12345678 is the worst password then in terms of security but best password in terms of memorization

still curious about 111222333444555666777888999 password though
Would be cracked almost instantly

Not long because I found this in one of my bad lists.

Also I believe this was in one of the default wordlists you can get with kali

Rilene

A Medic wrote:

Rilene wrote:

12345678 is the worst password then in terms of security but best password in terms of memorization

still curious about 111222333444555666777888999 password though
Would be cracked almost instantly

Not long because I found this in one of my bad lists.

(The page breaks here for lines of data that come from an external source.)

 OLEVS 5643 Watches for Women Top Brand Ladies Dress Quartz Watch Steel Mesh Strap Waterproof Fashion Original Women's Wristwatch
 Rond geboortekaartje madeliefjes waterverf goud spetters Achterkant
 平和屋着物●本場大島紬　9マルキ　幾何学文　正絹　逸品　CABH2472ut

Also I believe this was in one of the default wordlists you can get with kali

wow, then plain numeric password is a bad password
sottovoce
Does anyone bother to brute force passwords? I doubt it, you are very unlikely to be targetted like this, the attacker has to specifically pick you, know your account name, and circumvent whatever measures are put in place to stop it. For example, you'll often be locked out of an account after failing the password several times in a row. On top of this, it takes a massive amount of computing power to do efficiently.
Unless you have reason to suspect you might be targetted, I wouldn't spend even 1 second worrying about being bruteforced. Someone better REALLY want to play on your osu! account. ;)

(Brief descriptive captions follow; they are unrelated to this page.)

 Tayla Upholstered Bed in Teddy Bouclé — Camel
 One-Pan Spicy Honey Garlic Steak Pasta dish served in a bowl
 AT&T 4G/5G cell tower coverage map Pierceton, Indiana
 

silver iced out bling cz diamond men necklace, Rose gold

You're far more likely to fall victim to a database leak or a keylogger.
You can check if your information has been leaked here: https://haveibeenpwned.com/
Rilene

sottovoce wrote:

Does anyone bother to brute force passwords? I doubt it, you are very unlikely to be targetted like this, the attacker has to specifically pick you, know your account name, and circumvent whatever measures are put in place to stop it. For example, you'll often be locked out of an account after failing the password several times in a row. On top of this, it takes a massive amount of computing power to do efficiently.
Unless you have reason to suspect you might be targetted, I wouldn't spend even 1 second worrying about being bruteforced. Someone better REALLY want to play on your osu! account. ;)

You're far more likely to fall victim to a database leak or a keylogger.
You can check if your information has been leaked here: https://haveibeenpwned.com/
Being targetted on osu! is unlikely but if you are a celebrity on social networks or you have a extremely sensitive and important data.
They will likely to hack you and brute-forcing hacking works better on offline, by that it means... Computer directly to computer, not computer to computer over the internet.